What is needed :: Copy out the lines of the records below, and only those lines, from the one with "Fórmula 1 x" through the one with "Grau Gebraucht 2010", exactly as they appear.

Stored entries
--- --- ---

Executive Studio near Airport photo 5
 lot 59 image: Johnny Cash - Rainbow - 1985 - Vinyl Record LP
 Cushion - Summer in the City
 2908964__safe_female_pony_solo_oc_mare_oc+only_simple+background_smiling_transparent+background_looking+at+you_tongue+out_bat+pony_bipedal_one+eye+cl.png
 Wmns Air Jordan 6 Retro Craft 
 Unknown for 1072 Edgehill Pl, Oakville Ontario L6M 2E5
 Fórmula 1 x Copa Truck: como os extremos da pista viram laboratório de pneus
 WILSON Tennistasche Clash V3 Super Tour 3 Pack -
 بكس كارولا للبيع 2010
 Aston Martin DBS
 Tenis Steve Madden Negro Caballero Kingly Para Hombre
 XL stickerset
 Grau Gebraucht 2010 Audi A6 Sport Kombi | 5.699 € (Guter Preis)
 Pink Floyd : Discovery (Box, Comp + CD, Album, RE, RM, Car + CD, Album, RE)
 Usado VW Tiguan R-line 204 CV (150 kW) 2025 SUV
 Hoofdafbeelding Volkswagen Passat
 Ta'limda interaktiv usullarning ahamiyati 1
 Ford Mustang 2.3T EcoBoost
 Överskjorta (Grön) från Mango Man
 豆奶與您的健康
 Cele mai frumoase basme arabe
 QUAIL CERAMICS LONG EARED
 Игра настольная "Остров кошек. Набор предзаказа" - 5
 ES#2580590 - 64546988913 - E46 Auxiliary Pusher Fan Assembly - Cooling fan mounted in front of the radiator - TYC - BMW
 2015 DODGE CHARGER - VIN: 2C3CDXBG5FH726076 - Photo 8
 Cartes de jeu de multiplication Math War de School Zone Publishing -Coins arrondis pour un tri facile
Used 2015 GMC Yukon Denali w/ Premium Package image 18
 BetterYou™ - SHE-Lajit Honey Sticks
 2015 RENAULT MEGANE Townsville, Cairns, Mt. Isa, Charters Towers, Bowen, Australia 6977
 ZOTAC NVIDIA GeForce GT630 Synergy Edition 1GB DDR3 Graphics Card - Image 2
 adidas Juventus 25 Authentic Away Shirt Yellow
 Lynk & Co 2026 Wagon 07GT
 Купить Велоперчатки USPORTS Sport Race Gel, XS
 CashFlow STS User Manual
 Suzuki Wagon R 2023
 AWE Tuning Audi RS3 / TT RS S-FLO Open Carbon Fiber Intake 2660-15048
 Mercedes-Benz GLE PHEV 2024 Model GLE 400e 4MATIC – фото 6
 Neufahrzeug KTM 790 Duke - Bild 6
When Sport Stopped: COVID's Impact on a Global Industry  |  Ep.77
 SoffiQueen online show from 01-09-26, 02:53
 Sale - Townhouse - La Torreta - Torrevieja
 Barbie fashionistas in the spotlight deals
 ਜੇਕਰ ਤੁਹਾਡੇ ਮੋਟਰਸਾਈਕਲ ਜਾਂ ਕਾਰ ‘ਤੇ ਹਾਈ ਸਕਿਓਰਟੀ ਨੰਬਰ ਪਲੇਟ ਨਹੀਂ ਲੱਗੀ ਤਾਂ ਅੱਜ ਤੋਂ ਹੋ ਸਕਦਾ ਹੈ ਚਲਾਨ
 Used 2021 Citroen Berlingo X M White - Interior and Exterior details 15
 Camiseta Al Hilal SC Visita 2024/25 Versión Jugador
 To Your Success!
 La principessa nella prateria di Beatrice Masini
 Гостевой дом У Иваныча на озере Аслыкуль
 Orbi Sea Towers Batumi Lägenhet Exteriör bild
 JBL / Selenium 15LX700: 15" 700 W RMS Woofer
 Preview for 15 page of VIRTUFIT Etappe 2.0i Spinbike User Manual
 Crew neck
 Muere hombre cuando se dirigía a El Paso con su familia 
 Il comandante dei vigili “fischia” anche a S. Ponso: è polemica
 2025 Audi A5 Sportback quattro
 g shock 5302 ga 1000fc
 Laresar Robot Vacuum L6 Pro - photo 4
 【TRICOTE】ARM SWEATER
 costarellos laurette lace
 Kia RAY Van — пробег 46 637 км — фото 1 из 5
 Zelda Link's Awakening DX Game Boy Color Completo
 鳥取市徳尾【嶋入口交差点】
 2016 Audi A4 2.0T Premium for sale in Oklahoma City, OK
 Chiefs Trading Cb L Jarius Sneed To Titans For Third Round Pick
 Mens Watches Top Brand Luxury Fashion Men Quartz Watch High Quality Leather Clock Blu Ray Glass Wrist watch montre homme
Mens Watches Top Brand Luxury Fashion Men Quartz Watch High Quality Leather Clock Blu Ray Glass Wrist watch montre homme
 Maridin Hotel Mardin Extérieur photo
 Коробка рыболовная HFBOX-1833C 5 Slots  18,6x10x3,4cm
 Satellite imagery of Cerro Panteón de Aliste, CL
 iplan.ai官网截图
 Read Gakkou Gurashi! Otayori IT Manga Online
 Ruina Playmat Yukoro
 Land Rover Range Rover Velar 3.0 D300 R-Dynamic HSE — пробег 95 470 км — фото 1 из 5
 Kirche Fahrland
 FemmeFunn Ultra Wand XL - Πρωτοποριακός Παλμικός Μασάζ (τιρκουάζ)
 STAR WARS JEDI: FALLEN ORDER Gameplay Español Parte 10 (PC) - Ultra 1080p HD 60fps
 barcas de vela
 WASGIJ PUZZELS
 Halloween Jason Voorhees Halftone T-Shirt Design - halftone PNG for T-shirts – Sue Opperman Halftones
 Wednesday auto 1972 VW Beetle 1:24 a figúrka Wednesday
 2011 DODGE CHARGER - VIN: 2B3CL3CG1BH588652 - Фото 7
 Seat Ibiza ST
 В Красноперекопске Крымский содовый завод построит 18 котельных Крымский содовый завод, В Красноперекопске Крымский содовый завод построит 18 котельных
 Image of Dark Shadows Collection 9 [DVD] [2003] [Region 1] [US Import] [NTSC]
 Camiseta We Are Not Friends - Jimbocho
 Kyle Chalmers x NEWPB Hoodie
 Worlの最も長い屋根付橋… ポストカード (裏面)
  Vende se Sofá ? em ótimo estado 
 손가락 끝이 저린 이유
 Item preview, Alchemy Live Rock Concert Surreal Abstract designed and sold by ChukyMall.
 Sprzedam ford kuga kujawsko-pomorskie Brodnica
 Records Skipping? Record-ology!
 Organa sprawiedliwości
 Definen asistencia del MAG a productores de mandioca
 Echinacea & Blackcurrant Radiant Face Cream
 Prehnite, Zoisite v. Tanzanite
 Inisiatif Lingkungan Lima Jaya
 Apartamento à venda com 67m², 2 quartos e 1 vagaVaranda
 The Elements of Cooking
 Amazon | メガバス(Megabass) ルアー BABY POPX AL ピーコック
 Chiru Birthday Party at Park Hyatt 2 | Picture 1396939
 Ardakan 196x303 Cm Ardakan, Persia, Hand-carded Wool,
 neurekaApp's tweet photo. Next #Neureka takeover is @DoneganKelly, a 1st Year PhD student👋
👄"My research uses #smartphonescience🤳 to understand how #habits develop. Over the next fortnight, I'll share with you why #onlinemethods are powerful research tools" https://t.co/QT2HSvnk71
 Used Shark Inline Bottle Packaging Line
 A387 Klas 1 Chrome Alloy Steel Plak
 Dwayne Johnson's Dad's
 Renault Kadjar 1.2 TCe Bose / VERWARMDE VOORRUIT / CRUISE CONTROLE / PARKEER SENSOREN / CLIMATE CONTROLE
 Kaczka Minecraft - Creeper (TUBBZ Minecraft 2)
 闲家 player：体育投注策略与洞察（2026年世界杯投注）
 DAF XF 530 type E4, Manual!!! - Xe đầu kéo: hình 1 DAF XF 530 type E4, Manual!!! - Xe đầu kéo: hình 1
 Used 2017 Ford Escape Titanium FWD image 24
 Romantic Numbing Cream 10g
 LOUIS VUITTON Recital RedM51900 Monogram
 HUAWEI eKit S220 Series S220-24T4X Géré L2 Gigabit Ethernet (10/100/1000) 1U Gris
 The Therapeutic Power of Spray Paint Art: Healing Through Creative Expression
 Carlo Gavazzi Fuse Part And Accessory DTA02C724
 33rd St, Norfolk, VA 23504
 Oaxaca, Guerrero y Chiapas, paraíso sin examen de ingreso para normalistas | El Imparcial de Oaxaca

--- --- ---

Reply to the exercise ::
 Fórmula 1 x Copa Truck: como os extremos da pista viram laboratório de pneus
 WILSON Tennistasche Clash V3 Super Tour 3 Pack -
 بكس كارولا للبيع 2010
 Aston Martin DBS
 Tenis Steve Madden Negro Caballero Kingly Para Hombre
 XL stickerset
 Grau Gebraucht 2010 Audi A6 Sport Kombi | 5.699 € (Guter Preis)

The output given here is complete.